### Requirement
Without the pictures, write the listing below out again, line for line.

### Input data

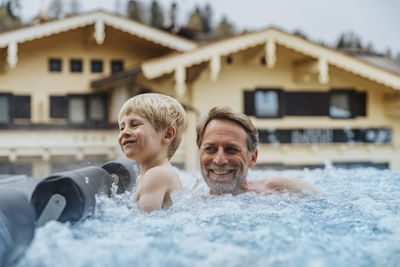 Cheerful son with father enjoying in infinity pool at hotel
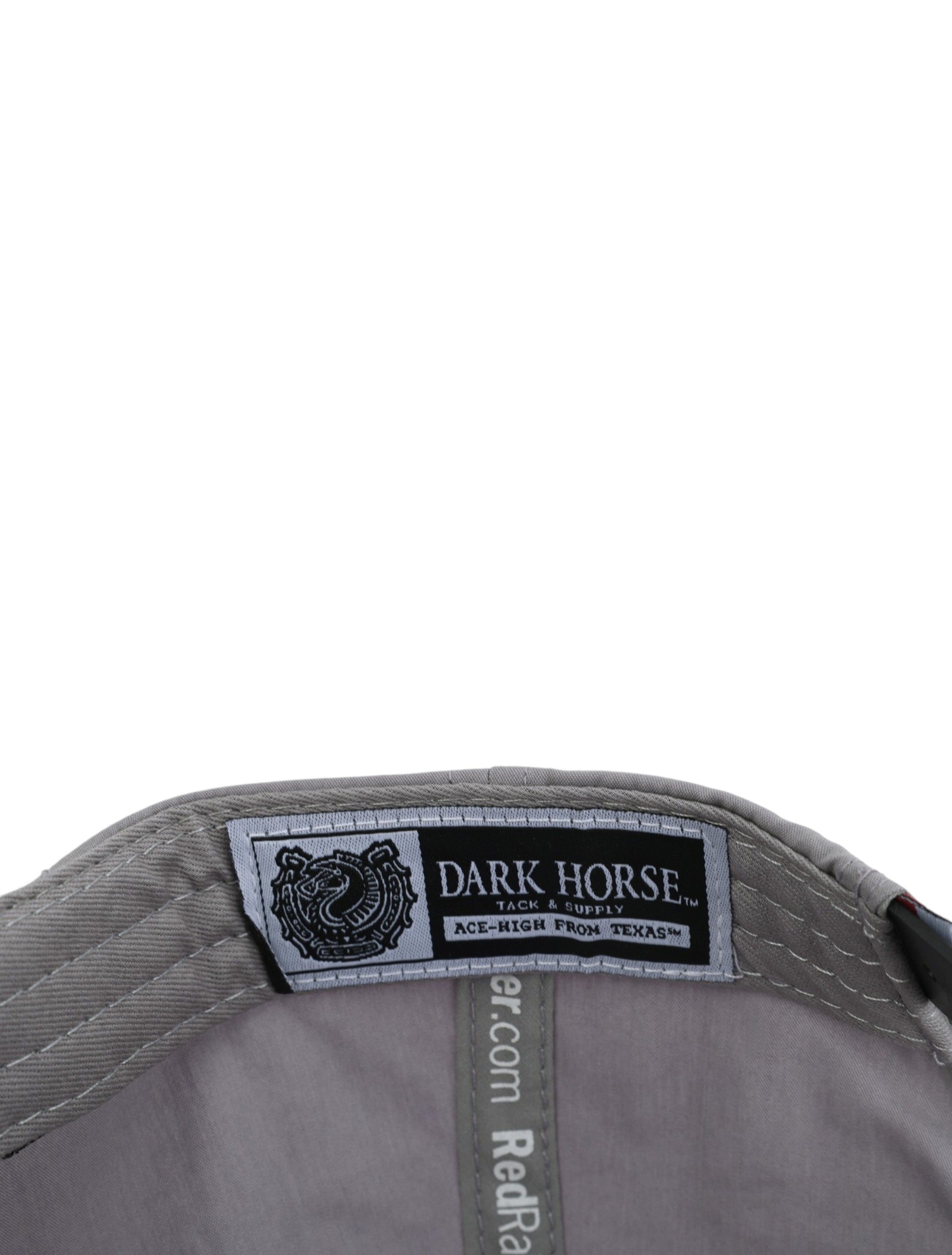 Inside the grey Texas Tech cap showing the Dark Horse Tack and Supply label on the sweatband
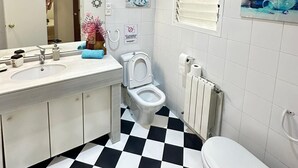 Een badkamer met een zwart-wit geruite vloer, een witte wastafel met spiegel, een toilet en een radiator.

### Problem solution
 Cheerful son with father enjoying in infinity pool at hotel
 Inside the grey Texas Tech cap showing the Dark Horse Tack and Supply label on the sweatband
 Een badkamer met een zwart-wit geruite vloer, een witte wastafel met spiegel, een toilet en een radiator.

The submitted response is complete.